An Ancient Technology for Modern Times
Why I work with this symbolic system from ancient Egypt.
I want to share something with you that feels important to me, not as a claim of lineage or authority, but as the reason I was drawn to this particular symbolic system for the work we do.
The symbols I use come from ancient Egypt, but not from the Egypt of temples and New Kingdom dynasties most people imagine. They emerged much earlier, during a period of enormous upheaval, a time when people were being pushed into a new way of living faster than their spirits could adapt.
And this is the part that matters to me: ancient Egypt was entering its own version of “modernity.”
Climate shifts forced nomadic herders toward the Nile. Small communities became early cities. People who once lived by the cycles of the moon found themselves living by a ten‑day administrative week. Natural rhythms were replaced by state rhythms. Life became more structured, more pressured, more centralized.

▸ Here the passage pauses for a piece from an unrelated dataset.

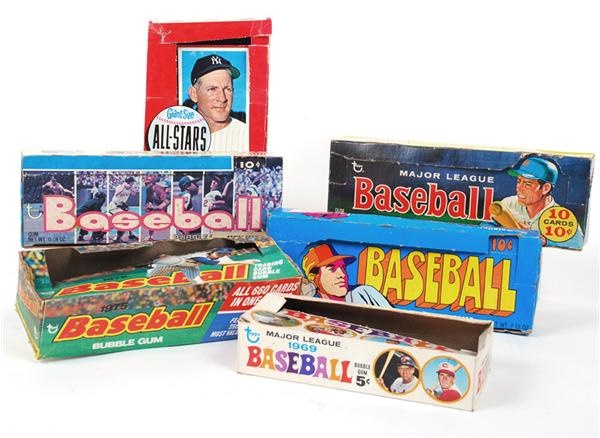 1964-1975 Topps Baseball Card Display Boxes (6)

People were trying to make sense of a world that no longer matched the pace of their bodies or the wisdom of their ancestors.
And in the middle of that transition, a symbolic system took shape: a way of understanding the self, the body, the sacred, and the world that helped people navigate disconnection, overwhelm, and rapid change. It was a way of remembering how to stay human inside systems that demanded more than the human nervous system was built for.

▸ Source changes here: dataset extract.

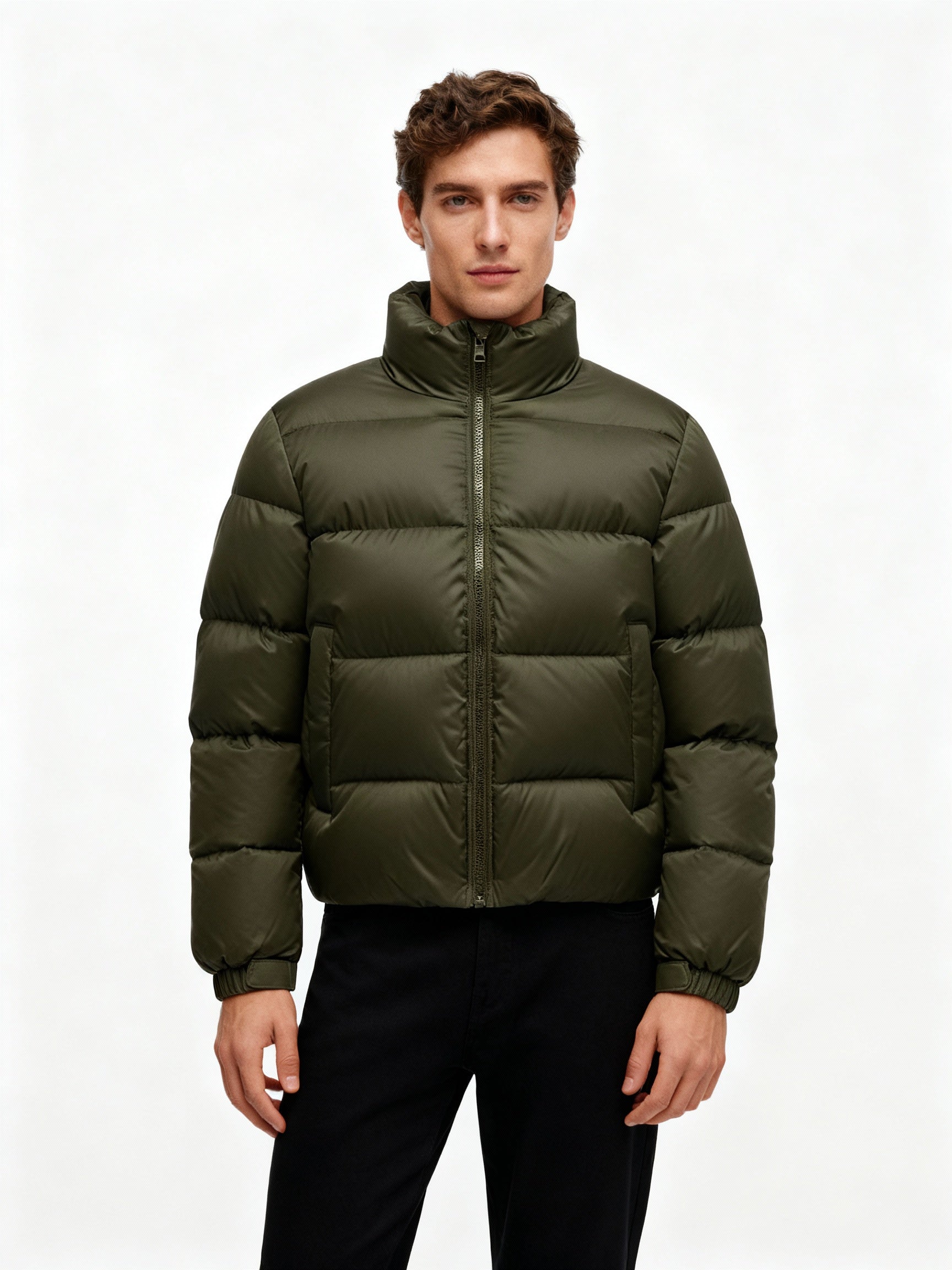 Doudoune homme en duvet à col montant haut 6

This is the system I work with, not because it is ancient, but because it was born in a moment that looks a lot like ours.
Today, many of us are living through our own version of that rupture. We’re navigating speed, pressure, digitization, and the sense that life is accelerating beyond what we can metabolize. We’re trying to stay connected to ourselves in a world that constantly pulls us away.

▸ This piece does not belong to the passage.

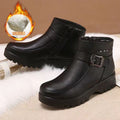 Winter slip-on fleece-lined cotton shoes heattech ladieswear shoes non-slipthickened cotton shoes for middle-aged and elderly people flatsnon-slip granny shoes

This is why the symbols matter to me. They were created by people who were facing the same questions we’re facing now:
How do I stay connected to myself when the world is changing too fast?
How do I live in a system that doesn’t honor natural rhythms?
How do I keep my spirit intact when everything around me is reorganizing?
For me, this symbolic system is not a set of beliefs. It’s a technology of meaning: a way of working with the inner world that helps us navigate the outer one with more clarity, agency, and presence. It helps us reconnect with the parts of ourselves that were never lost, only quieted.
It’s an ancient technology for a world in transition. That’s the heart of it.